13. This Court finds that it had been categorically held by the Hon'ble Supreme Court that Section 125 Cr.P.C. is applicable to the Muslim women and they are entitled for maintenance under Section 125 Cr.P.C. even after their divorce, beyond the period of Iddat. The only restriction is that they are entitled for maintenance under Section 125 Cr.P.C. till their re-marriage.
14. In view of the aforesaid reasons, the impugned judgment and order dated 13.4.2023 passed by the Principal Judge, Family Court, Kushinagar at Padrauna is erroneous and is liable to be set aside by this Court.
15. Accordingly, this revision is allowed. The impugned judgment and order dated 13.4.2023 passed by the Principal Judge, Family Court, Kushinagar at Padrauna in Criminal Case No.877/2021 (Nikhat Parveen and another Vs. Md.
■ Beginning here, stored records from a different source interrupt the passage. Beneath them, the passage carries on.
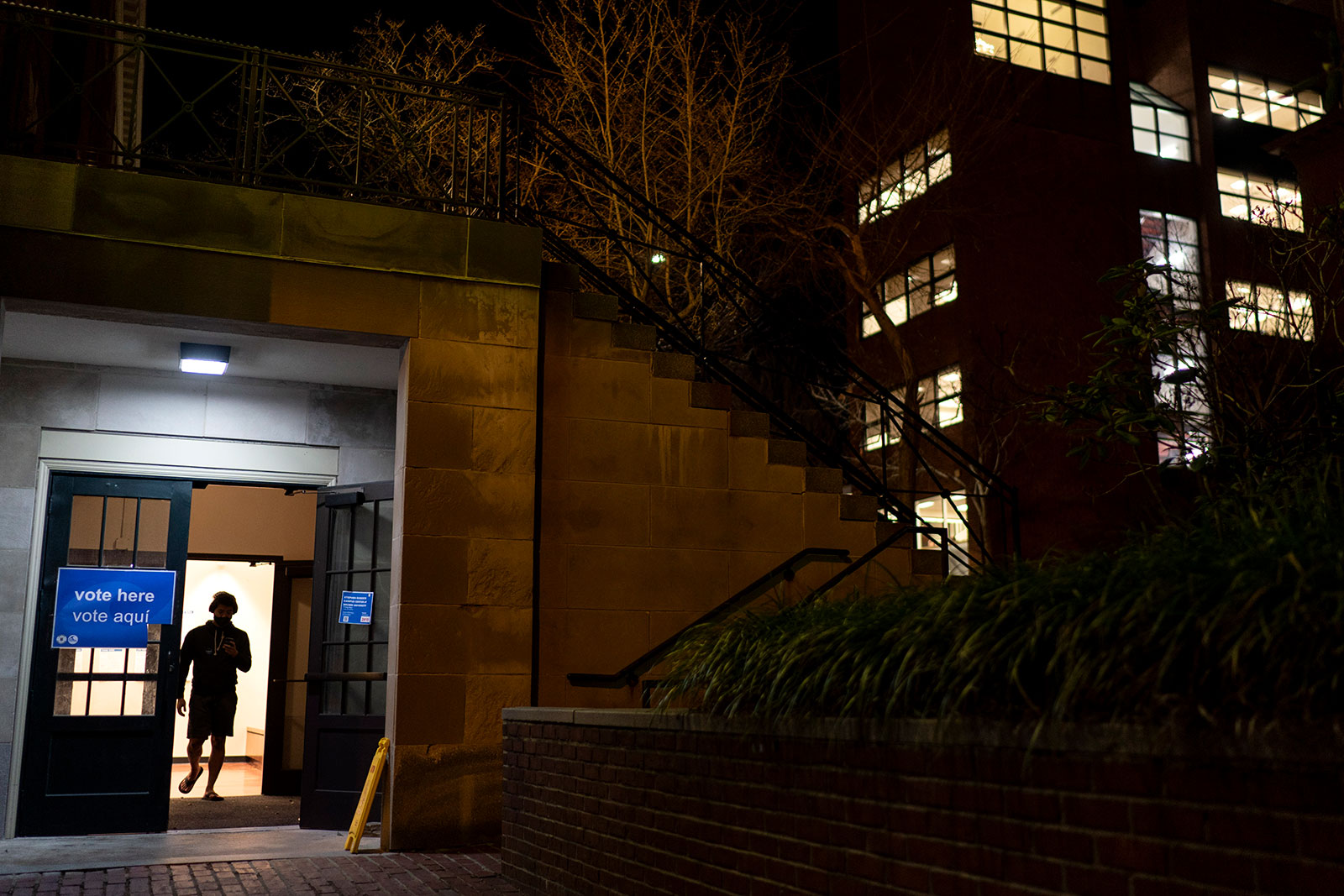 A person walks out of a polling site at Brown University hours before the polls close in Providence, Rhode Island, on Tuesday. 
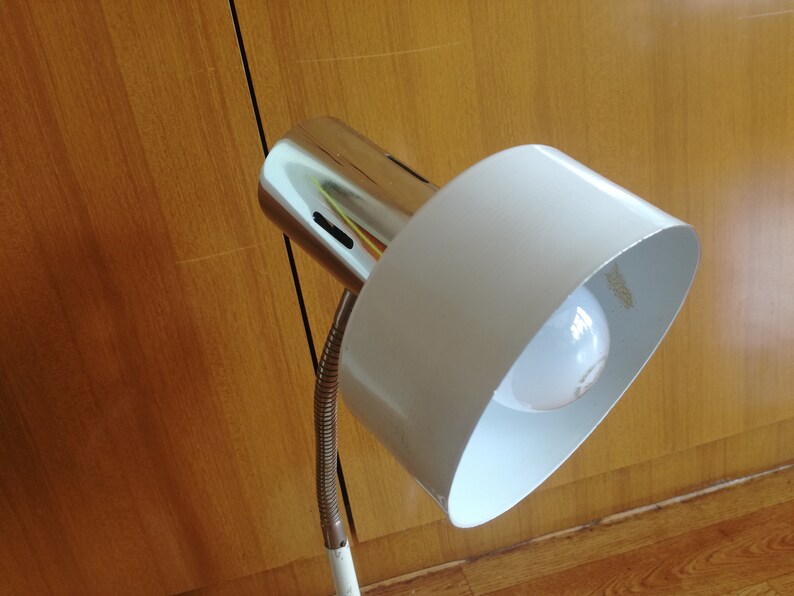 May include: A white and chrome desk lamp with a flexible arm and a white shade. The lamp is turned on and the light bulb is visible.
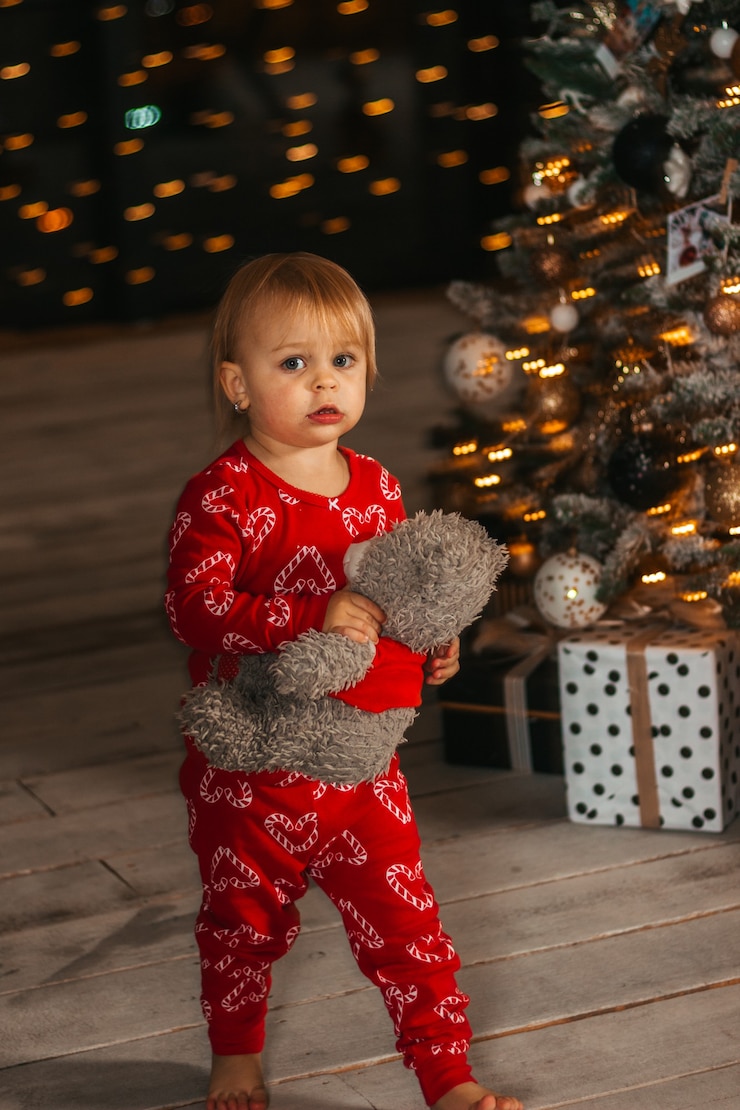 Foto feliz natal e boas festas. uma menina de pijama vermelho carrega um urso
Ovaid) is hereby set aside. The matter is remanded to the Principal Judge, Family Court, Kushinagar at Padrauna to decide the case filed by the revisionists under Section 125 Cr.P.C., afresh. It is expected that the Principal Judge, Family Court, Kushinagar at Padrauna shall proceed in the matter expeditiously and shall decide the case within a period of one year from the date.